Вот я и боялся, что покажу Горькому моих кукол, а он возьмет да и скажет: «Работу вы проделали большую, трудоемкую, но никому не нужную».
Но когда, показав номер с шариками на голых руках, я вышел из-за ширмы и увидел веселые глаза, с которых Горький вытирал носовым платком крупные слезы смеха, волнение мое исчезло совсем.
Горький не назвал мою работу никому не нужной, а, наоборот, замечательно отнесся к моим куклам и не столько советовал что-либо, сколько вслух рассуждал о том, что куклы могут быть еще более острыми и точно направленными.

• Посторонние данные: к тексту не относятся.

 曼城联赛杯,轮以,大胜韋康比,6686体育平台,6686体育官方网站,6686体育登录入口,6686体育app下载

Но, говоря об этом, тут же добавлял: «Конкретных советов я вам дать не могу. Вы работаете органично, внутренне правильно. Всякий посторонний, слишком конкретный совет вам не может принести никакой пользы».
Об этой встрече с Горьким я рассказал в моей первой книге, «Актер с куклой», но чувство радости и гордости до сих пор не покидает мои воспоминания о загородном доме в «Соснах».

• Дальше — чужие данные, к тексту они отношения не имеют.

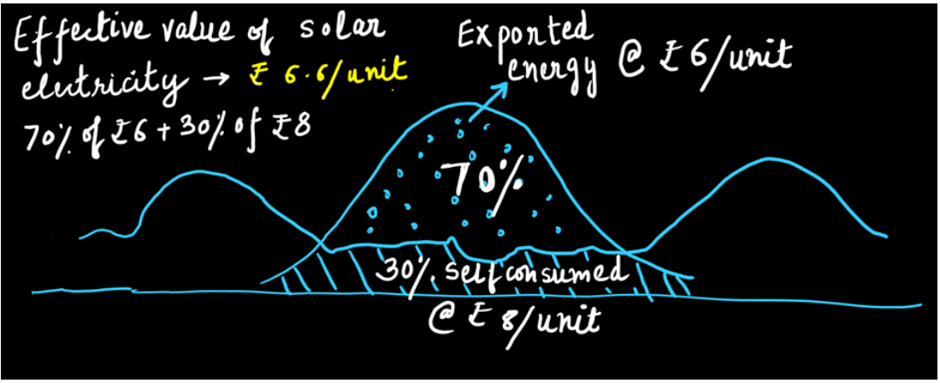 The chart shows the effective solar value of ₹6.6 per unit when 30% is self-consumed and 70% exported.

Все тогда в этом доме казалось мне прекрасным, посемейному, по-доброму теплым. И сам Алексей Максимович, весело рассказывавший за чайным столом о том, что он боится чая с «головастиками» (то есть плавающими в нем чаинками), и покорно ушедший спать в одиннадцать часов, как только ему напомнили, что «доктор не позволяет ложиться позже», и внучки Горького – две маленькие девочки, Дарья и Марфа, и сидевшие за столом внимательные родные, члены его семьи.
У Станиславского
Но если я волновался за предстоящую встречу, едучи к Горькому, то не меньшим было мое волнение и испуг перед Станиславским.

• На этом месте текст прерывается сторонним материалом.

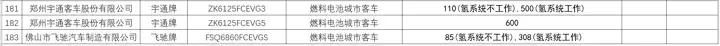 工信部第六批推荐目录客车分析:能量密度首突破150wh/kg
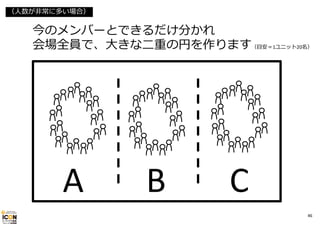 （⼈数が⾮常に多い場合）

今のメンバーとできるだけ分かれ
会場全員で、⼤きな⼆重の円を作ります（⽬安＝1ユニット20名）

A

B

C
46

Было это еще в двадцать седьмом году. Меня пригласили участвовать в концерте, устраиваемом Обществом друзей Студии Станиславского.
Я знал, что среди зрителей этого концерта может оказаться Константин Сергеевич, и поэтому не сразу дал согласие. Ведь ни теперь, ни тогда не было и нет для меня в театре имени большего, чем имя Станиславского. Если бы он осудил мою игру с куклами, это было бы для меня большим ударом. Но, с другой стороны, если бы ему понравилось мое выступление, это было бы для меня огромным счастьем. В конце концов желание показать кукол Станиславскому победило испуг перед этим показом, и я выступил на концерте.
Показывал «Минуточку», «Титулярного советника», «Про дьякона». В общем, почти все, что у меня в то время было.
После концерта Станиславский сам подошел ко мне и похвалил. Я был счастлив.
Но когда через восемь лет после этого, в тридцать пятом году, мне пришлось еще раз выступить перед Станиславским, волновался я, пожалуй, еще больше. Это и понятно. Ведь в двадцать седьмом мне было двадцать шесть лет, а в эти годы легче идешь на риск. Да, кроме того, я тогда не ощущал кукол единственным делом моей жизни, а чем-то хоть и очень интересным, но случайным, боковым, в то время как в тридцать пятом году боковым для меня оказался уже драматический театр, а центром стали куклы. Значит, вновь ставя кукол на суд Станиславского, я рисковал очень многим.